Welcome to The Blue Room
SEQUIN IN A BLUE ROOM DIRECTOR STATEMENT
When I set out to make this film, I wanted to tell a queer coming of age story, one that truthfully reflected a modern-day experience. A digital coming of age. A world of online instant access and sexual discovery on demand. A world where vastly different experiences of being queer collide within one social app. At its heart, this film is a story of wanting to grow up fast, a story of our fantasies colliding with realities.
The queer community in Australia, much like the rest of the western world, is experiencing a shift, a generational divide. With the sexual fluidity and liberation of the new generation reflecting the limitations imposed on the generations before it. This unique tension served as a foundation for the film as our protagonist hurdles through the intense complexity of his community in the search for love. Due to the political and social circumstances of the times, a large amount of queer films of the past and present have looked outward. Concerned with presenting an image of the queer experience to the outside world. For this film I wanted to look inward, to examine and question a specific part of our community as it is today.

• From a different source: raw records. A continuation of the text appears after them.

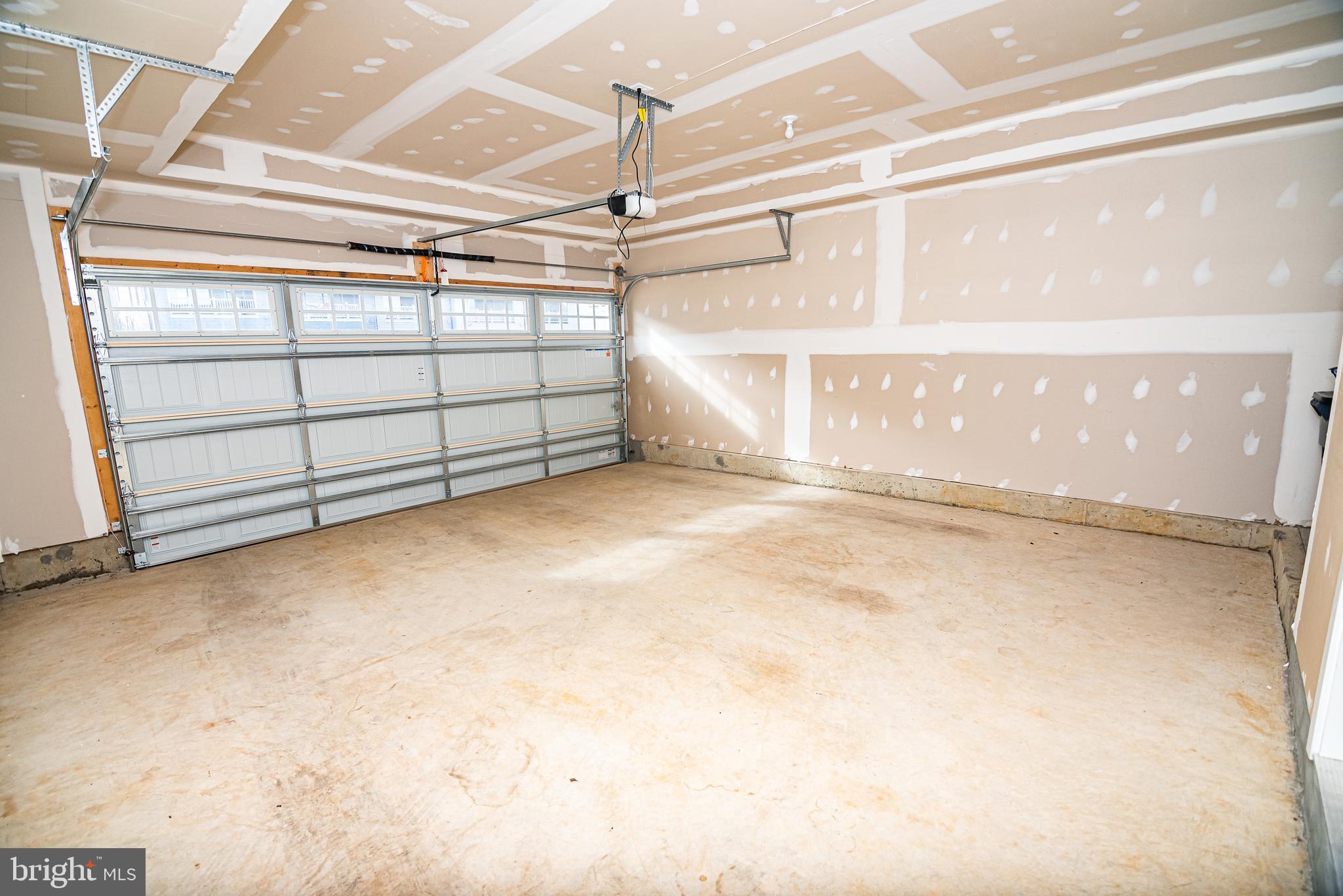 VILLAGES OF URBANA - Residential Lease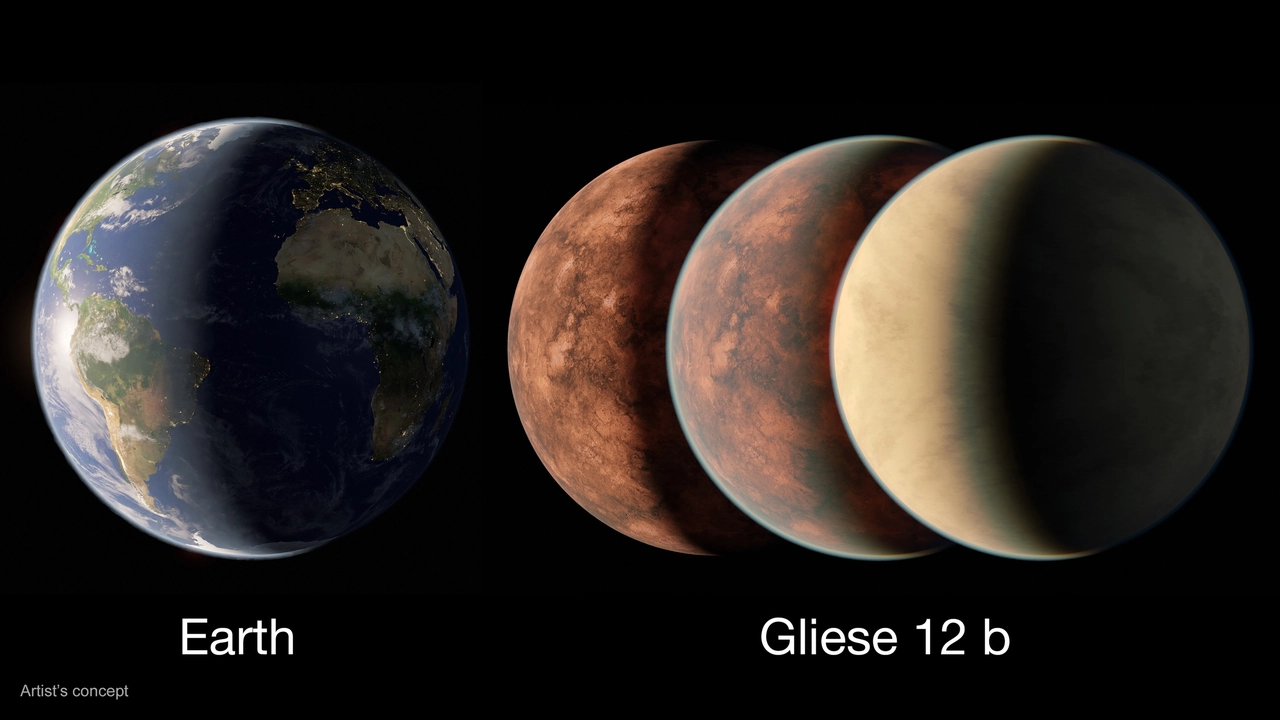 La ricostruzione grafica del pianeta Gliese 12 b e il confronto con la Terra. Credit: NASA/JPL-Caltech/R. Hurt (Caltech-IPAC)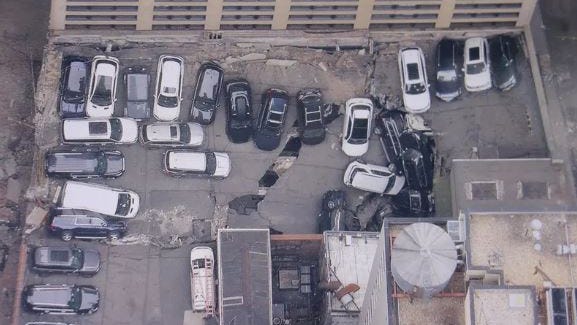 Fotos aéreas muestran la destrucción del estacionamiento que se desplomó en NYC; propiedad tenía 4 violaciones abiertas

I made this film at twenty-five. I grew up as part of the first generation of young queer people to come of age with social media and hook-up app communication. From Googling what it meant to be gay to joining “Gay Teen Chat Rooms” and talking to strangers from around the world. From having to learn about gay sex from internet pornography to meeting my first boyfriend on Myspace. Every part of my coming of age as a queer person has been informed by the internet. The good and the bad. I grew up faster than the teenagers around me in school. An experience I know a lot of queer people share. Our coming of age walks hand in hand with coming out, and for me that meant the forming of my sexual identity as a constant act of transgression. This led me to experiences I wasn’t ready for and situations that put me in danger.
During the writing process for Sequin In A Blue Room, my co-writer Jory Anast and I met, interviewed and discussed coming of age during this era with other queer people of our generation. It was an incredible feeling to be surrounded by individuals sharing similar experiences. A reoccurring theme amongst us all was this tension between sexual discovery and transgression. A close friend spoke to me of their experiences growing up with hook-up apps saying, “I can’t believe the situations I put myself in. If I told anyone about it they would tell me how dangerous it could have been. But I did it, then I left, didn’t tell anyone and largely pretended it didn’t happen.” These shared experiences, themes and ideas all went into forming a character, a place and a social app that became the building blocks for Sequin In A Blue Room.
THE DIGITAL WORLD ON SCREEN
Bringing that digital world to the screen was a real challenge in a film of this scale and budget. Showing digital interaction on screen is something that the industry has been toying with for over a decade now. Early on I knew I want- ed to push this further than I had seen it done before. My cowriter and I al- lowed for the digital world in the screenplay to be as expansive and complex as it is in reality. This meant stepping beyond just text messages on screen and actively using a full app operating system as part of our story world. This included multiple apps, picture sharing, location sharing, blocking, deleting, searching and more. Everything that has become a part of our daily life in reality. We were so fortunate to be able to work with motion graphics artist Chris Johns to bring this all to life on screen. Chris brought an authenticity to the motion graphics design, drawing on his own experiences of being gay in the digital age to create the graphics of an app that felt at once a part of our reality and the story world of the film.